- _Assignment_
Among the entries below, one line contains "Used 2025 Tesla Model 3 Long Range image 21" and another contains "Thom Browne - Rwb T-Shirt - Lyst". Transcribe those two lines and every line between them, exactly.
########################################
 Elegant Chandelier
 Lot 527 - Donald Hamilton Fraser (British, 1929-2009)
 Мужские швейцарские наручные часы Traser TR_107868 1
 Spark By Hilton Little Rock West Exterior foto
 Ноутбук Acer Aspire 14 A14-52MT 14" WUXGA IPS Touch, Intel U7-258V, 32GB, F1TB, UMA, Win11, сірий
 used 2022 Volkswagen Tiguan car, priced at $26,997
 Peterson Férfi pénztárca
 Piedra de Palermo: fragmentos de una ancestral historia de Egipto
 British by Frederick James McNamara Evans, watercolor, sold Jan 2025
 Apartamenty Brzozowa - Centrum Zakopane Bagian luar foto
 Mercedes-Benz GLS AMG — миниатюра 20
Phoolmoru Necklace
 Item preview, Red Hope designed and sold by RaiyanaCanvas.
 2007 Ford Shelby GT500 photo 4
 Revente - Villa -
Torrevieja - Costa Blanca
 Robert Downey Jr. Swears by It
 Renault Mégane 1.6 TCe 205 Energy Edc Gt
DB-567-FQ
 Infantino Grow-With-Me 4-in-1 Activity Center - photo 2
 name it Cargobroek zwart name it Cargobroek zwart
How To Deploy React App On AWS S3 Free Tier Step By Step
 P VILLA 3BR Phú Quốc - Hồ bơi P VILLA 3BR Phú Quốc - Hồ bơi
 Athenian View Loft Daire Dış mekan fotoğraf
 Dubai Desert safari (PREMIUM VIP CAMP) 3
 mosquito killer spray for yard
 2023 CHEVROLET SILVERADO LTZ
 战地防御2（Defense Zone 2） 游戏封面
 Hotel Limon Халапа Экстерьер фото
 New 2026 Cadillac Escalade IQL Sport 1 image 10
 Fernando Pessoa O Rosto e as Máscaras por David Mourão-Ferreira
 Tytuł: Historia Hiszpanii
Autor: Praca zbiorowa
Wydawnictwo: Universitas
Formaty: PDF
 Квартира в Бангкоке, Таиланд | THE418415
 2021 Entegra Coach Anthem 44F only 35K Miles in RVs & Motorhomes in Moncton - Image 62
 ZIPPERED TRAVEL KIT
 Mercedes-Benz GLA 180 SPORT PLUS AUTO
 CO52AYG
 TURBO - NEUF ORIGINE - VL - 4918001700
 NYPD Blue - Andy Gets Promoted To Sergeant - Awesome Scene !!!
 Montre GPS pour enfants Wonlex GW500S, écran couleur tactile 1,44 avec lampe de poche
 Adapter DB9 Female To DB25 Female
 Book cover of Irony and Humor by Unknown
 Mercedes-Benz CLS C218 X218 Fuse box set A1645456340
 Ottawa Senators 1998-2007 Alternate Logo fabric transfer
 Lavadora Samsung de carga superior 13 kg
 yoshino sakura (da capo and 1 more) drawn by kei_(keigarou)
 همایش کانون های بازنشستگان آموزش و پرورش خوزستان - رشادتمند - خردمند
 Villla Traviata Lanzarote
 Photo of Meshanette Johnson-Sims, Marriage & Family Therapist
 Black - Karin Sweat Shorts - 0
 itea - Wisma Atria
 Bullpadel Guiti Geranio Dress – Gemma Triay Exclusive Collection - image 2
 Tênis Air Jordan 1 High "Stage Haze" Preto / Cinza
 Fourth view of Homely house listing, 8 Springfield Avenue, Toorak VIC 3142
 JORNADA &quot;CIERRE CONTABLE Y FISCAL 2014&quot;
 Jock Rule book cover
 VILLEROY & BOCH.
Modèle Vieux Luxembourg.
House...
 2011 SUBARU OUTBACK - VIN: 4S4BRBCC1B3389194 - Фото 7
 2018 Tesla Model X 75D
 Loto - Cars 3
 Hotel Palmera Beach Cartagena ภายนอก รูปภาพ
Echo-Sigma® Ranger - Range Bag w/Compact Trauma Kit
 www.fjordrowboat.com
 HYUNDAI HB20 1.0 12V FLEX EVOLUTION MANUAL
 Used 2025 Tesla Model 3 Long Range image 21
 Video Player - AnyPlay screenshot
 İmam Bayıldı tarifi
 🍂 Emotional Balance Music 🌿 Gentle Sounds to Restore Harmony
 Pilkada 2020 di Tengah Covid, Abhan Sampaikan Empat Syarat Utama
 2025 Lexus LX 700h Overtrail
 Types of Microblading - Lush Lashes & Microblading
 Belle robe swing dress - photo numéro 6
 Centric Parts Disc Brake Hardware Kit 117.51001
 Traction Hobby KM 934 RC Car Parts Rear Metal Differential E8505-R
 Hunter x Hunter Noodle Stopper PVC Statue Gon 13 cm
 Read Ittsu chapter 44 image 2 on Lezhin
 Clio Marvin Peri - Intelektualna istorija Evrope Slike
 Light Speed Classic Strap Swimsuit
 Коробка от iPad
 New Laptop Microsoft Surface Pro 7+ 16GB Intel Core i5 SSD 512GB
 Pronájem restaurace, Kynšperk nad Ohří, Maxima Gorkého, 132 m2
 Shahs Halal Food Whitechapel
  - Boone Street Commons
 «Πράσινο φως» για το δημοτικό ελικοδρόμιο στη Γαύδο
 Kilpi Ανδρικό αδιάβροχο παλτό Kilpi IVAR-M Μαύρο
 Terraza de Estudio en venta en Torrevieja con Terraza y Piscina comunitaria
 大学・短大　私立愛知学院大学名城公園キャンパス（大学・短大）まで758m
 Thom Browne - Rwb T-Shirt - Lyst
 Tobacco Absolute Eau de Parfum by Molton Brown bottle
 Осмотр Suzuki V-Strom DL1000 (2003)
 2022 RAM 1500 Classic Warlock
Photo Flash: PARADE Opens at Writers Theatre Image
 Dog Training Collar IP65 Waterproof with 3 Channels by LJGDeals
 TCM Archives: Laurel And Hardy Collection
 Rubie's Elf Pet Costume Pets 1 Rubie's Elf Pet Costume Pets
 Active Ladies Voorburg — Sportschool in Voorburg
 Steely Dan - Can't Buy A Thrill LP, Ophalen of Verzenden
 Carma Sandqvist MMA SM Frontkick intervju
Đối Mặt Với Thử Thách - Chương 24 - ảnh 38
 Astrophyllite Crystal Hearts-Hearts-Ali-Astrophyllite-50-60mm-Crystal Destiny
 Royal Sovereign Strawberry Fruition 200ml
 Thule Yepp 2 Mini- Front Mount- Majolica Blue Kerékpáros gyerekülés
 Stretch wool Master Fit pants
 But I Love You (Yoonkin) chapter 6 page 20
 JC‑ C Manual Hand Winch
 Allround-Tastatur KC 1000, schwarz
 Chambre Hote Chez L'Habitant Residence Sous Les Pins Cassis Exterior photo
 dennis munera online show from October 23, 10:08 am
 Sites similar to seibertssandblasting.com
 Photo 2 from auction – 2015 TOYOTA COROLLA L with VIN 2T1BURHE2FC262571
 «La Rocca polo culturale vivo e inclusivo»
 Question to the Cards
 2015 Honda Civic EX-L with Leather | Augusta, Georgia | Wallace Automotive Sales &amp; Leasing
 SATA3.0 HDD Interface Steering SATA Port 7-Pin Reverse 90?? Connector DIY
########################################
- _Exercise output_
 Used 2025 Tesla Model 3 Long Range image 21
 Video Player - AnyPlay screenshot
 İmam Bayıldı tarifi
 🍂 Emotional Balance Music 🌿 Gentle Sounds to Restore Harmony
 Pilkada 2020 di Tengah Covid, Abhan Sampaikan Empat Syarat Utama
 2025 Lexus LX 700h Overtrail
 Types of Microblading - Lush Lashes & Microblading
 Belle robe swing dress - photo numéro 6
 Centric Parts Disc Brake Hardware Kit 117.51001
 Traction Hobby KM 934 RC Car Parts Rear Metal Differential E8505-R
 Hunter x Hunter Noodle Stopper PVC Statue Gon 13 cm
 Read Ittsu chapter 44 image 2 on Lezhin
 Clio Marvin Peri - Intelektualna istorija Evrope Slike
 Light Speed Classic Strap Swimsuit
 Коробка от iPad
 New Laptop Microsoft Surface Pro 7+ 16GB Intel Core i5 SSD 512GB
 Pronájem restaurace, Kynšperk nad Ohří, Maxima Gorkého, 132 m2
 Shahs Halal Food Whitechapel
  - Boone Street Commons
 «Πράσινο φως» για το δημοτικό ελικοδρόμιο στη Γαύδο
 Kilpi Ανδρικό αδιάβροχο παλτό Kilpi IVAR-M Μαύρο
 Terraza de Estudio en venta en Torrevieja con Terraza y Piscina comunitaria
 大学・短大　私立愛知学院大学名城公園キャンパス（大学・短大）まで758m
 Thom Browne - Rwb T-Shirt - Lyst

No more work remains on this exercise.